Pioneers of Probability: Jacob Bernoulli
Flip a coin. Heads or tails? You know going in that the odds of heads is one and two. In episode two, Cardano would have told you that. In three, Galileo would have counted it. In four and five, Pascal and Fermat would have used it to divide a gambling pot. In six, Huygens would have calculated your expected winnings. But here's a different question, one nobody had thought to ask formally until a Swiss mathematician did.
Welcome to the pioneers of probability with me, Mark Hebner.
The Bernoulli family is one of the most remarkable dynasties in the history of mathematics. Jacob was the eldest of the brothers who made the family famous. His brother Johann was equally brilliant. The two of them feuded bitterly for much of their lives, competing over priority, prestige, and problems. and Jacob's nephew Daniel will appear later in this series extending the family's contributions into economics and utility theory. But Jacob was first and the question he spent his career answering was in some ways the most important one in the whole story we are telling.

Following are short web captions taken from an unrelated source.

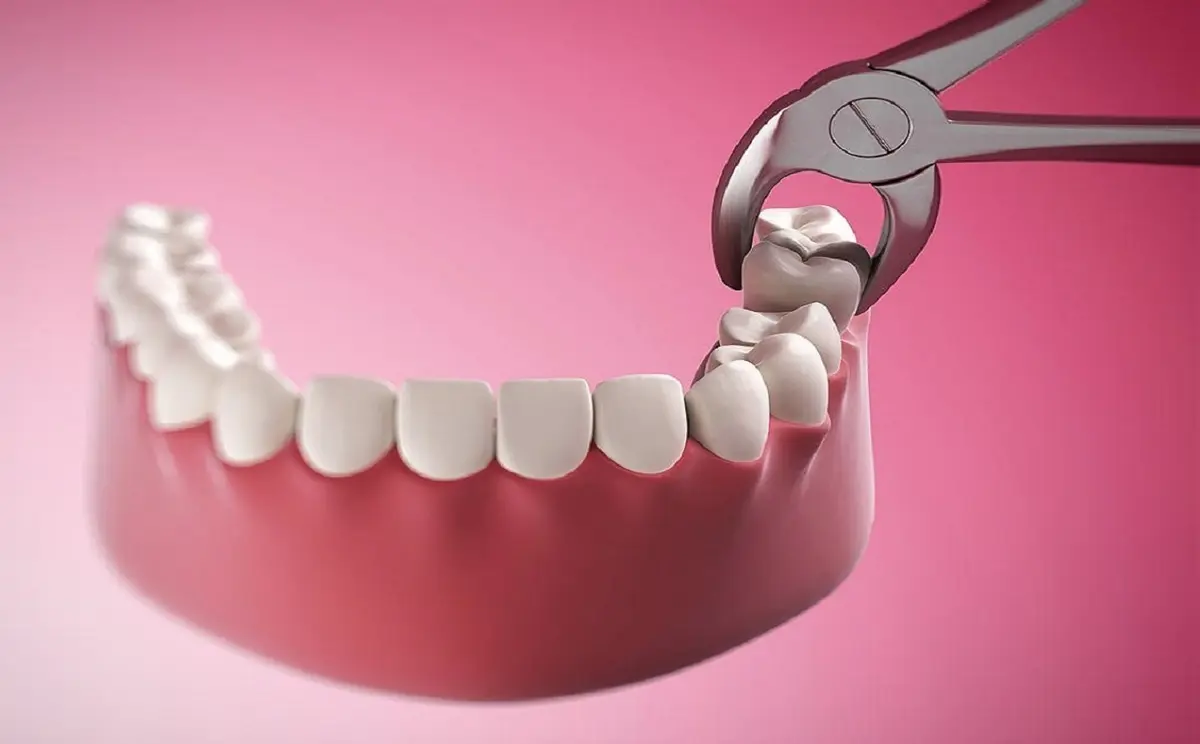 مقاومت عجیب دندان عقل در برابر فشار دستگاه پرس!+ویدئو
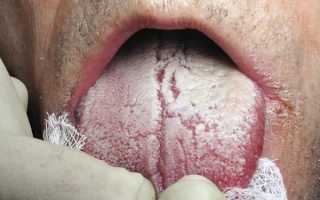 Грибковый стоматит: симптомы и лечение кандидоза полости рта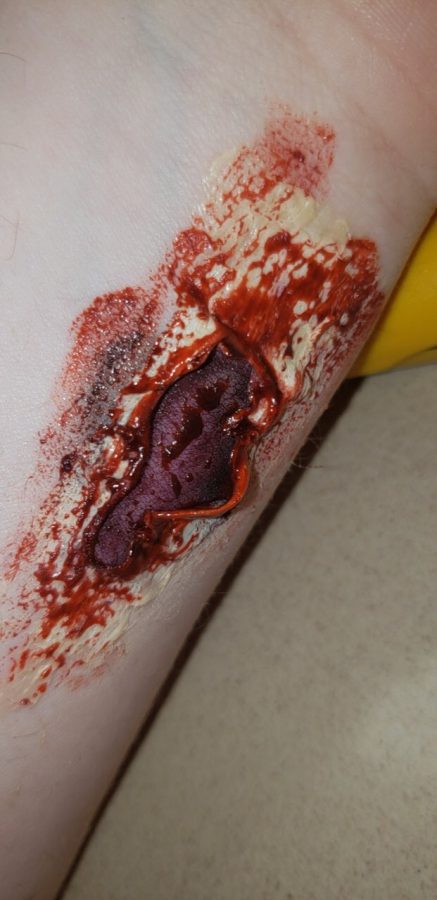 Burn wound created by an anatomy student.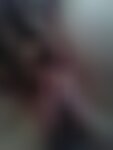 Private Photo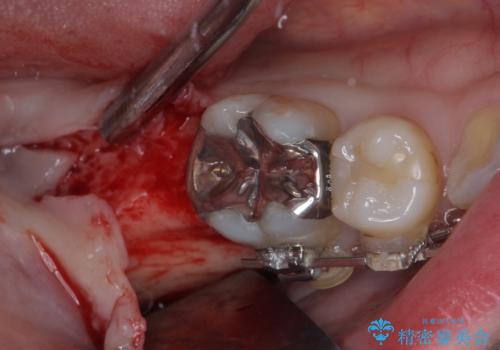 出っ歯と奥歯の欠損 ワイヤー矯正とインプラント治療の治療中
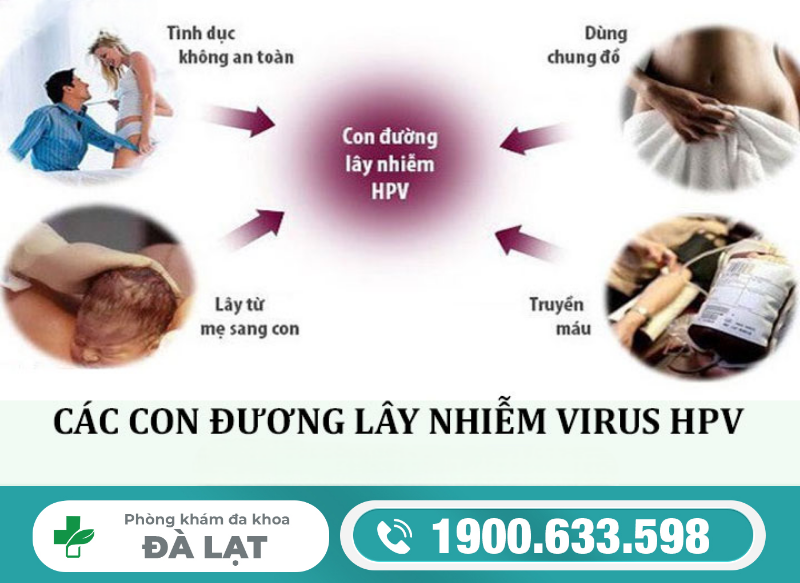 Hình ảnh minh họa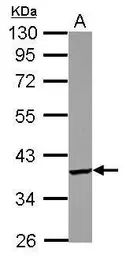 Anti-PDIK1L antibody [N2C3] used in Western Blot (WB). GTX122965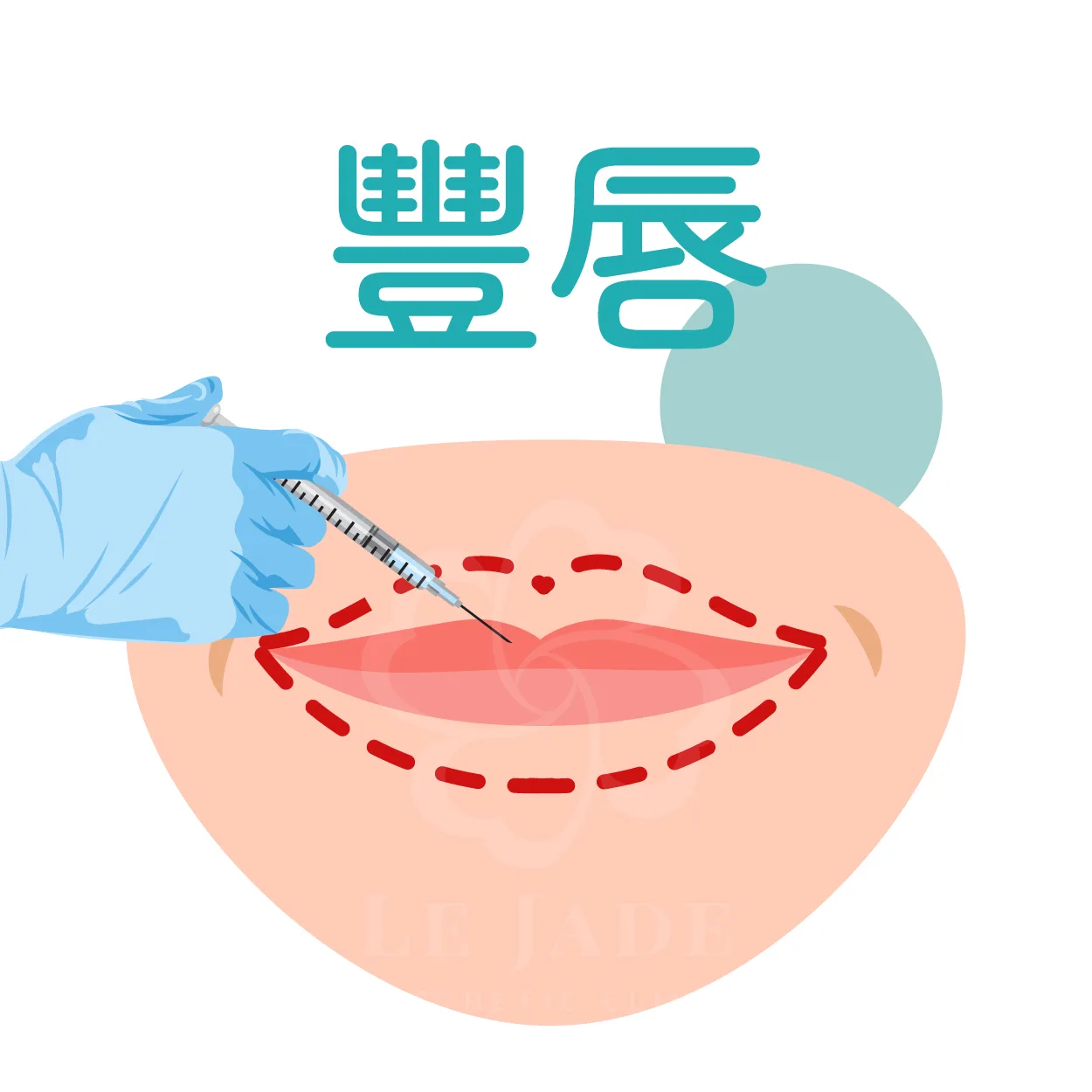 縮唇手術,縮唇,厚唇,微笑唇,厚唇縮小,縮唇微笑線,上下唇比例,客製化縮唇,薄唇雕塑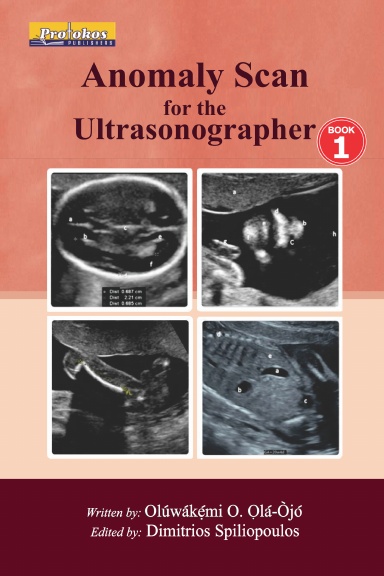 Anomaly Scan for the Sonographer Book 1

Everything built before Bernoulli started from a known probability, a fair die, a fair coin, a fair game. The mathematics was about calculating what follows from that starting point. But the real world almost never gives you the starting point. You don't know whether a coin is fair until you flip it many times. You don't know the true return of the stock market until you observe it across many years. You don't know whether a medical treatment works until you run many trials. Let the virtue of the stone cleanse the poison.
In the real world, probability is not given. It is estimated from data with uncertainty. In 1689, using a metaphorical urn filled with an unknown amount of black and white pebbles, Jacob Bernoulli was the first to rigorously prove a law showing that this estimation can be reliable. He showed repetition really does reveal truth.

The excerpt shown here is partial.